Although the US Congress authorized $295.9 million in Medicaid funds to the Island and the Government created the Law on Fiscal Compliance (Law 26) to transfer control over 242 government agencies’ accounts to the Department of the Treasury, these measures will not provide any recurring funds to the Treasury and therefore, will not have an impact on the budget for next fiscal year or will they avoid the cutbacks program that is to start implementation next July.
According to the representative of Puerto Rico before the Oversight Board (OB), Elías Sánchez Sifonte, even though the allocation included in the so-called omnibus spending bill, “is better than nothing,” it cannot be applied prospectively to the estimates in the Fiscal Plan for (PFPR, by its Spanish acronym) and will not eliminate the two large gaps the Island faces, particularly that regarding health services.
Meanwhile, the executive director of the Office of Management and Budget (OGP, by its Spanish acronym) Juan Iván Marrero, assured that Law 26, will finally allow the government to transfer special funds to the Treasury that for years remained in separate accounts outside the control of the Island’s Treasury. But as of today, there is no certainty as to how much cash should be in them. Sánchez Sifonte and Marrero delivered their remarks during a government accounting forum coordinated by the School of Certified Public Accountants held yesterday at the Condado Plaza Hilton hotel in the capital city.
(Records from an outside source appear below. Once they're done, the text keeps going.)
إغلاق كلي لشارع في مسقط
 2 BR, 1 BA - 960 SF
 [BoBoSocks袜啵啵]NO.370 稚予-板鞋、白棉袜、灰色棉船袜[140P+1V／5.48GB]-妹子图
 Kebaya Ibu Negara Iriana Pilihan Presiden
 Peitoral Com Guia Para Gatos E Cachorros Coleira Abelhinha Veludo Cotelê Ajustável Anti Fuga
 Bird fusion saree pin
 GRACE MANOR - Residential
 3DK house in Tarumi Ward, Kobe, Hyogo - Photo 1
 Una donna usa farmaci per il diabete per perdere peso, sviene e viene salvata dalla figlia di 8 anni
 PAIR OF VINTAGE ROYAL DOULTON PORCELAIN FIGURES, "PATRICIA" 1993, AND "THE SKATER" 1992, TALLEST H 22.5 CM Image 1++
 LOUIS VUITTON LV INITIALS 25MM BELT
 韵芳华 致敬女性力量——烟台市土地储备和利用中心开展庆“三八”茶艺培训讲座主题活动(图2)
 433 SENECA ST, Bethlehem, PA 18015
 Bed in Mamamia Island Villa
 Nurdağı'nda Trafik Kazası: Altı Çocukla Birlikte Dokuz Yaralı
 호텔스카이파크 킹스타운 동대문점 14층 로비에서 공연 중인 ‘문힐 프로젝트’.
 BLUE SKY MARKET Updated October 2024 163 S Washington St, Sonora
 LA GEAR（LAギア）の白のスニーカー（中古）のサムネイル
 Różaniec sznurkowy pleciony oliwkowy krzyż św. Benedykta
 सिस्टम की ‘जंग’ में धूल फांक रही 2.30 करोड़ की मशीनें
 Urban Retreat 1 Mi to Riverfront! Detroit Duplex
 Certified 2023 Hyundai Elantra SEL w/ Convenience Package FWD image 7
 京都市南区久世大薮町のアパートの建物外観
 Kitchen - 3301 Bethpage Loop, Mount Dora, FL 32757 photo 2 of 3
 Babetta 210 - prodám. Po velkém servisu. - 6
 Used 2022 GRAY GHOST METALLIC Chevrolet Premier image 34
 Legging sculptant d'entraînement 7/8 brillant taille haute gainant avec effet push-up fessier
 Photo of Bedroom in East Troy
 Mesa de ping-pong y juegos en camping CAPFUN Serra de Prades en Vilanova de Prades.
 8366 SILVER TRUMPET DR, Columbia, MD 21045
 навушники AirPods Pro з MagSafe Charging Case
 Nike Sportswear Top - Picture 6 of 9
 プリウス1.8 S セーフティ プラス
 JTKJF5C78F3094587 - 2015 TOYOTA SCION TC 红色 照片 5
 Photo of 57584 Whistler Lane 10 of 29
“The fiscal plan contemplates no additional money,” Sánchez Sifonte said when asked about the benefit the temporary federal allocation under Medicaid would entail.
He said that while the allocation approved in the federal spending bill will be posted in the current budget, that does not eliminate the drop that the Treasury will experience following the end of the block allocation Puerto Rico received through Obamacare.
“There are two dramatic peaks that are of much concern in the liquidity forecasts,” Sánchez Sifonte said without offering specific figures.
Currently, Mi Salud exists thanks to an annual federal funding of $1.2 billion that ends this year. The second event that will drastically disrupt the State’s liquidity will be the payment of pensions from the General Fund, which should begin starting July, said the attorney.
“Municipalities have to carry out the same exercise as the central government,” Sánchez Sifonte said when admitting that one of the items to be cut in the next budget is the so-called subsidy to municipalities. The next budget, which contents will become public only when the Oversight Board (OB) issues its opinion by the end of this month, contemplates $850 million in cutbacks in their operation. Added to that figure, are a preliminary $100 million in the MiSalud program. To enhance revenues, the government is betting on $924 million in taxes, of which $519 million come from the extension of the excise tax on foreign corporations.
Special funds and the TRAns. This source of income, now a certainty with the extension of the statute, would breathe some air into the government’s liquidity, which would be added to the transfer of some 242 accounts over to the control of the Treasury, said, for his part, Marrero.
According to Marrero, given that the Government will no longer be able to seek short-term loans, known in technical jargon as the “TRANs”, the Treasury will have to do some “self-financing” by drawing from special federal funds that have not been used to date.
“That is where the Treasury’s cash stability is guaranteed,” Marrero said. The latter’s predecessor, Luis Cruz Batista warned of the interest by the OGP of taking control over the special state funds, which have been estimated at $2,590 million.
Until last February, according to Marrero, the understanding was that there were $433 million. However, to questions from El Nuevo Día, Sánchez Sifonte said that once Law 26 comes into effect, the Government will have an idea of much cash there is, if any, in those accounts.
The government must submit to the OB by next June 30 a cash reserve of $200 million and a liquid reserve of 1% of expenditures. Specially, the reserve of additional cash is critical to avoid the activation of the (reduction) of the work day.
Among other things, Law 26 authorizes the government to transfer any surpluses from public corporations to the General Fund, a special dividend from the Joint Subscription Association (ASC, by its Spanish acronym) and the possibility of extracting funds from the Puerto Rico Sales Tax Financing Corporation (Cofina, by its Spanish acronym), if necessary.
Accounts in order. According to Marrero, the real benefit of Law 26 –which was extensively discussed under Bill 938 because it eliminated fringe benefits for public employees - is the chance to control these funds and accounts that have so far been invisible to the Treasury and the OGP.
Marrero explained that by controlling special accounts or funds, the Government will prevent planned expenditures from being posted to previous years. On the other hand, he explained that if an agency posts more income as a result of special initiatives, that cash will go to the Treasury.
“The operational task is monumental,” Marrero said, noting that in order to implement the control over accounts in special funds the accounting systems will undergo an upgrade process, which, in turn, will make it possible to expedite the task of disclosing the government’s financial information.